The condensates flip from antisymmetric ($\pi$ phase difference) to symmetric states (zero phase difference), shown with black dots as a function of the product of the outflow wave vector $k_c$ and the separation distance $a$. Here, we change $a$, whereas $k_c$ remains virtually unchanged. The solid red curve is the Bessel function calculated versus the dimensionless parameter $k_{c}a$.

Figure 3

Energy-resolved real- and Fourier-space images of two condensates are shown for different separation distances. The fringes in between the condensates are at the same energy with the condensates.

Figure 4

(a) The time-integrated momentum space shows that condensation occurs at two distinctly different wave vectors. At $t=31\mathrm{ps}$ (marked by a blue arrow), the polariton dyad is in antiphase synchronization. At $t=54\mathrm{ps}$ (marked by an orange arrow), the polariton dyad is in in-phase synchronization. (b,c) Time-resolved interferograms at $t=31\mathrm{ps}$ and $t=54\mathrm{ps}$, respectively, showing the phase synchronization of the two condensates. The real-space scale bars in (b,c) apply to both horizontal and vertical directions. The color scale in (a–c) is shown as an inset bar in (b). The data in (a,b,c) are normalized. (d) The intensity profiles of the interferograms at the positions marked by the vertical lines in (b) (dashed blue) and (c) (solid orange) provide a direct experimental observation of the $pi$ phase difference in the two synchronization regimes. The solid lines are the fits of a Gaussian function convoluted with a $\cos (ky+\varphi )$, giving a phase difference of $(0.98\pm 0.01)\times \pi$ between the two states. The zero of the horizontal axis is defined at the maximum of the intensity profile extracted from (c).

Figure 5

(a–d) Time-integrated real-space tomography images of the triangular array condensates are shown for $a=4\mu \mathrm{m}$ (a) and $a=5.5\mu \mathrm{m}$ (b). The real-space scale bar of (a) also applies to (b). (c,d) Simulations of the Ginzburg-Landau equation with random initial phase, averaged over 75 realizations at different separations matching the experimental conditions are shown. In (c), all three condensates are in phase. In (d), we plot the average of vortices with $\pm 1$ winding numbers shown in (e) and (f). The phase diagrams of (e) and (f) are shown in (g) and (h), proving that they are indeed vortex states with winding numbers of $+1$ (h) or $-1$ (g). (i,j) The time-resolved interferograms resulting from the interference of neighboring condensates are shown at $t=47.2\mathrm{ps}$ (i) and $t=65.9\mathrm{ps}$ (j). The color bar of (a) and (b) applies to the data of (i) and (j). (k) The intensity profiles of the interferograms along the lines marked by the vertical lines in (i) (dashed red) and (j) (dashed black) provide a direct experimental observation of the nearly $2\pi /3$ phase difference in the two synchronization regimes.
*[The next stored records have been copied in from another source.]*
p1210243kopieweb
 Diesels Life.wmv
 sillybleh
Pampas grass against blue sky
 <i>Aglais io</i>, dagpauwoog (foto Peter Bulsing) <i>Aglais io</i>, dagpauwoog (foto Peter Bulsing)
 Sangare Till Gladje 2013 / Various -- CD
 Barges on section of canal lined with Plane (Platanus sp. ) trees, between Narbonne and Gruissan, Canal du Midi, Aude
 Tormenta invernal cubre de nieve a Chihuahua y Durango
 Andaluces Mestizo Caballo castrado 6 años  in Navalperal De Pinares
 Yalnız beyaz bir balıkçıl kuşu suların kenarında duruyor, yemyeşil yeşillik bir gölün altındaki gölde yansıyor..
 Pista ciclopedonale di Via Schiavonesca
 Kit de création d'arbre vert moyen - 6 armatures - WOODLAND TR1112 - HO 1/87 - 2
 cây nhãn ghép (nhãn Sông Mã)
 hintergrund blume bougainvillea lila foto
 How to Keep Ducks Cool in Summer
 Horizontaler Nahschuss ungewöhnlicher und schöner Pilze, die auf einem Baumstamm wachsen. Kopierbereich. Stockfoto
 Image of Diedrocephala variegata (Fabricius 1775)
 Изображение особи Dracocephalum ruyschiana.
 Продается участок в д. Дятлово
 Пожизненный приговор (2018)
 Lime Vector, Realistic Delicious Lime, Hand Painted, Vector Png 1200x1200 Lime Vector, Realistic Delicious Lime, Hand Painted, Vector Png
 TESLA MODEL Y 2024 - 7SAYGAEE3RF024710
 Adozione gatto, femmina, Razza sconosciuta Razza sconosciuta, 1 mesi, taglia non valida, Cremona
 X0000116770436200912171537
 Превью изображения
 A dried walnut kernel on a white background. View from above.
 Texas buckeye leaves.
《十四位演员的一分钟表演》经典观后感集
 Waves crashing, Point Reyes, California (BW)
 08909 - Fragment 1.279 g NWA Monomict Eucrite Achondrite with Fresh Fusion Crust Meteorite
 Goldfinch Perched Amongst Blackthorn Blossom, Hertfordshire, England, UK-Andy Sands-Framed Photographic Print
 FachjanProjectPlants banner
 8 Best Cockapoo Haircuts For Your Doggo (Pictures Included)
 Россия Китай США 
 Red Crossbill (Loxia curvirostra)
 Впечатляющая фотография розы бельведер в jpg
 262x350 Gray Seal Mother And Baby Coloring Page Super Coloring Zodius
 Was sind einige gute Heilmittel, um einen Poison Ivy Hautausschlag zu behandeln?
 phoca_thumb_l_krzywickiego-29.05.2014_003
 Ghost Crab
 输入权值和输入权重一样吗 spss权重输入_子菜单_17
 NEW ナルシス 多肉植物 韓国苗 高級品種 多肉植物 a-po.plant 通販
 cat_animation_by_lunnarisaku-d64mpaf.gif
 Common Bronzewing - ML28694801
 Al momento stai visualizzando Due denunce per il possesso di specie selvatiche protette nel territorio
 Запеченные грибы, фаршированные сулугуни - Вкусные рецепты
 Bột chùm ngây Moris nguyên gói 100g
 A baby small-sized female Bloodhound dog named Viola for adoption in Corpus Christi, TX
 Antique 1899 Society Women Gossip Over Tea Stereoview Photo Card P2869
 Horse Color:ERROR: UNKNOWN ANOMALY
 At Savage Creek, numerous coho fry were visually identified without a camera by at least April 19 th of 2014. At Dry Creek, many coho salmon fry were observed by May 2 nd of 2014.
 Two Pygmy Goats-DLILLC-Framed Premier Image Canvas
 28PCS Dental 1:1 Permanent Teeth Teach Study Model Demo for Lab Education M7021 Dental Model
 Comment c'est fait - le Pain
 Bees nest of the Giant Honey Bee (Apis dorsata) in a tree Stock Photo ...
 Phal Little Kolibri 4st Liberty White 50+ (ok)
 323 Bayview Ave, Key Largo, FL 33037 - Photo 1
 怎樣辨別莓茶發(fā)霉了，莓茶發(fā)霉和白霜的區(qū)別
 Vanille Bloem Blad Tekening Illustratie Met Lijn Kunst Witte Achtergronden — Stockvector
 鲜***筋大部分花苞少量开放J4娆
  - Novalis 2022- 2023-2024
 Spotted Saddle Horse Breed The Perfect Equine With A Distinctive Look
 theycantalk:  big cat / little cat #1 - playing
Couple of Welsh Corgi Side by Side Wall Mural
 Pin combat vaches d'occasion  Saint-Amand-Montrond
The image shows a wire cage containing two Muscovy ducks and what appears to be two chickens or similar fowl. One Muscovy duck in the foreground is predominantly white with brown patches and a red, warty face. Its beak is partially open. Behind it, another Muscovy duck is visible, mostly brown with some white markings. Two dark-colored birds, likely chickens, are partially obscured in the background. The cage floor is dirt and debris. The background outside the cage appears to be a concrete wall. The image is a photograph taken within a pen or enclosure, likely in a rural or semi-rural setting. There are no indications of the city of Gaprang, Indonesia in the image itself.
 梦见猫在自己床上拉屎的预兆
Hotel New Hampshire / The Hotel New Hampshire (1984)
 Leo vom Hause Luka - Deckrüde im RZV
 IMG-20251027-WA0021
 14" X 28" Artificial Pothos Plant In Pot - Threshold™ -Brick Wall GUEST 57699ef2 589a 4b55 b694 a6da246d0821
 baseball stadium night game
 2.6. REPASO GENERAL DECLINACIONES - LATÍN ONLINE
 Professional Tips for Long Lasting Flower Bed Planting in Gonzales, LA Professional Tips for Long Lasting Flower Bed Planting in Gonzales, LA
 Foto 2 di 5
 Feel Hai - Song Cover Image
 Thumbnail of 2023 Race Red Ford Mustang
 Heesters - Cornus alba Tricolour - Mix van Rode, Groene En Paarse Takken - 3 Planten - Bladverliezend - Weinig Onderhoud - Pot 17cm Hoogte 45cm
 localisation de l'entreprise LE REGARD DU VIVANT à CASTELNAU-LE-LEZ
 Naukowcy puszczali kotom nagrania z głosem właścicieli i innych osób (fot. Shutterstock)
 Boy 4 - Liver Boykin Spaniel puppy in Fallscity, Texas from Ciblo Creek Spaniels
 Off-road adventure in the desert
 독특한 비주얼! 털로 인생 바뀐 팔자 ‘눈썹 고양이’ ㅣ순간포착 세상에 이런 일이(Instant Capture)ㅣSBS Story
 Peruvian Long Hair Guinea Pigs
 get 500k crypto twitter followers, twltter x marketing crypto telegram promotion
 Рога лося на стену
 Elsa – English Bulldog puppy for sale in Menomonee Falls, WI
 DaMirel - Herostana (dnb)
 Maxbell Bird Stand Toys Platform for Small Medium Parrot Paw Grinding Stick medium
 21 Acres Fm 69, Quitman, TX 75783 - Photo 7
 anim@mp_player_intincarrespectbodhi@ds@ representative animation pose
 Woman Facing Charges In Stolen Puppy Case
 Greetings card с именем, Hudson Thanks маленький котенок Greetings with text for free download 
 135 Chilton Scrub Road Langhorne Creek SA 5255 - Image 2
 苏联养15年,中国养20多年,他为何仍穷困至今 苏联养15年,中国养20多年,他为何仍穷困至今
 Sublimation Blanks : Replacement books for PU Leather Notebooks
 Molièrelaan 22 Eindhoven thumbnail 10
The line profiles of (i) and (j) taken at $x=-1.9\mu \mathrm{m}$. The solid lines are the fits by the convolution of a Gaussian function with $\cos (ky+\varphi )$ resulting in a $(0.78\pm 0.02)\times \pi$ phase difference between the two fits.

Figure 6

The condensates flip from antisymmetric ($\pi$ phase difference) to symmetric states (zero phase difference), shown with black segments as a function of the separation distance for two values of the outflow wave number (a) $k_c=4$ and (b) $k_c=1$. The solid red curves are the Bessel functions, $J_0(k_{c}d)$.